◆ Dataset extract ◆
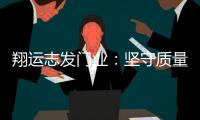 翔运志发门业�
：坚守质量生命线，我“门”在行动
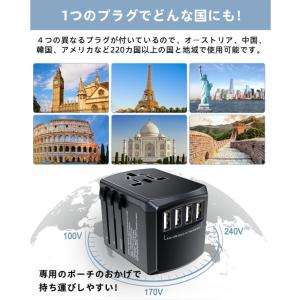 【翌日配達★即納】変換プラグ cタイプ 海外旅...の詳細画像4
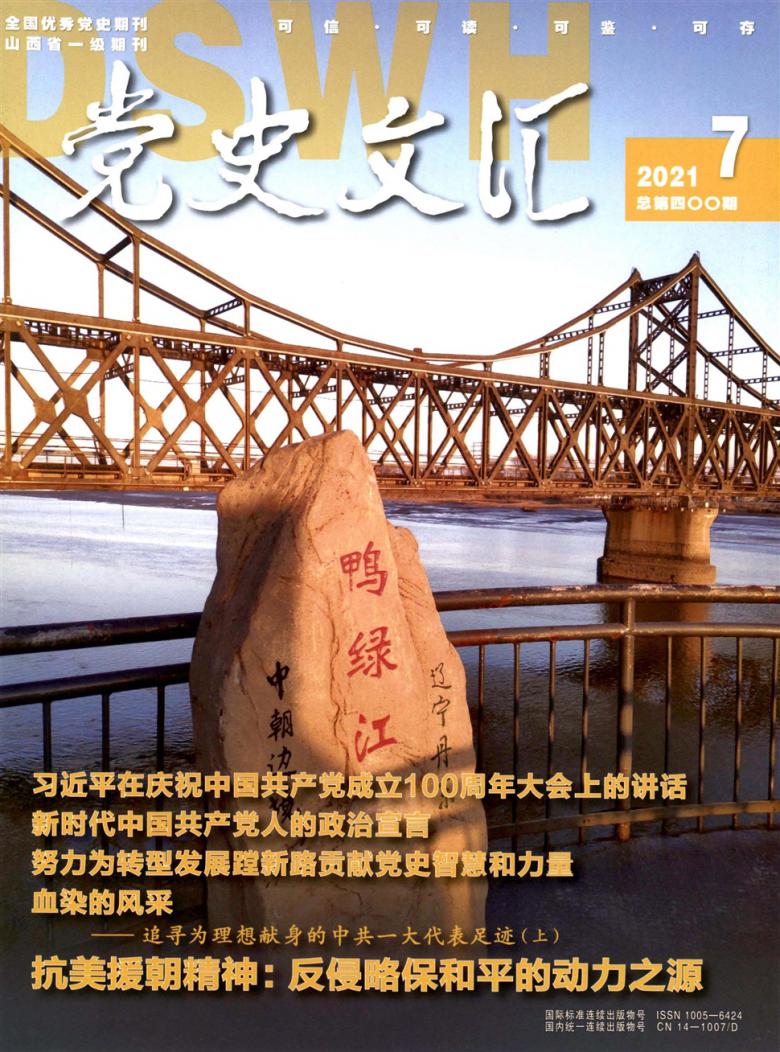 党史文汇杂志封面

◆ Task ◆
Each line above should be output exactly, apart from the pictures.

◆ Solved problem ◆
 翔运志发门业�
：坚守质量生命线，我“门”在行动
 【翌日配達★即納】変換プラグ cタイプ 海外旅...の詳細画像4
 党史文汇杂志封面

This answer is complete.